Given data section start

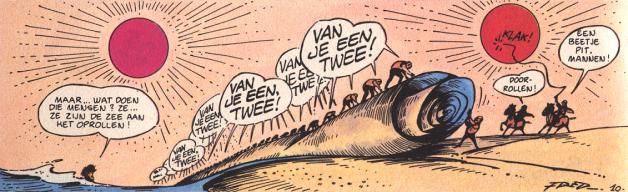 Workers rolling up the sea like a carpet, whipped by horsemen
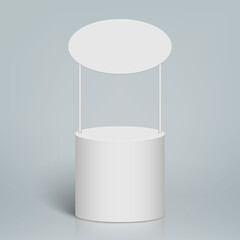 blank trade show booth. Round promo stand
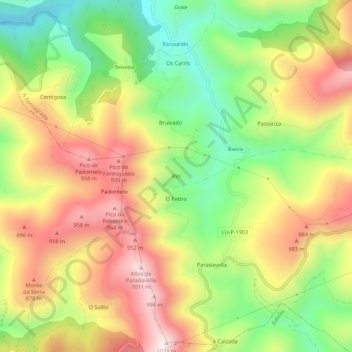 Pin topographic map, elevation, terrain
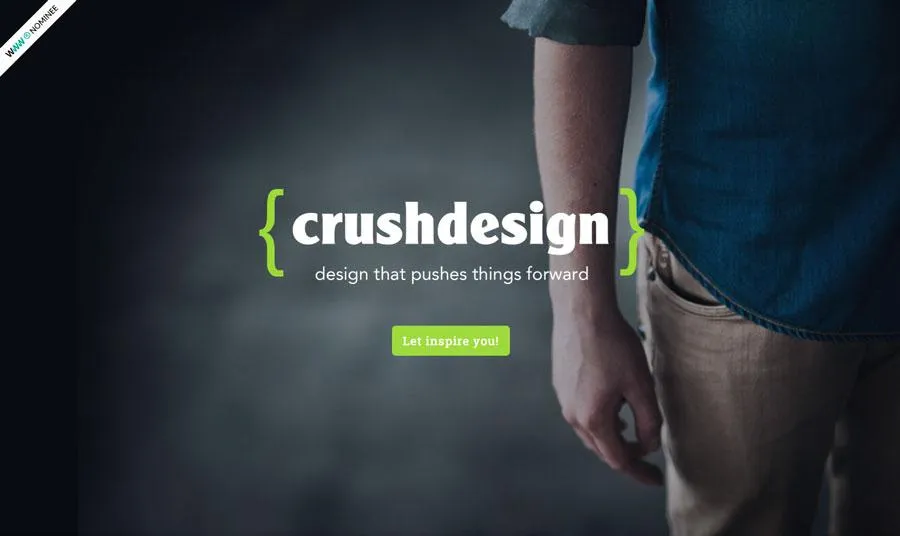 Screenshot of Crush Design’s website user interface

Given data section end
Given data section start

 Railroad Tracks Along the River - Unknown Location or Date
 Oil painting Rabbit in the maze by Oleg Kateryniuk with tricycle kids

Given data section end

▶ [Description of the task] Exactly reproduce the lines above, starting at the one that contains "Pin topographic map, elevation, terrain" and ending at the one that contains "Screenshot of Crush", both inclusive; leave the pictures out and add no other lines.

▶ [Written response]
 Pin topographic map, elevation, terrain
 Screenshot of Crush Design’s website user interface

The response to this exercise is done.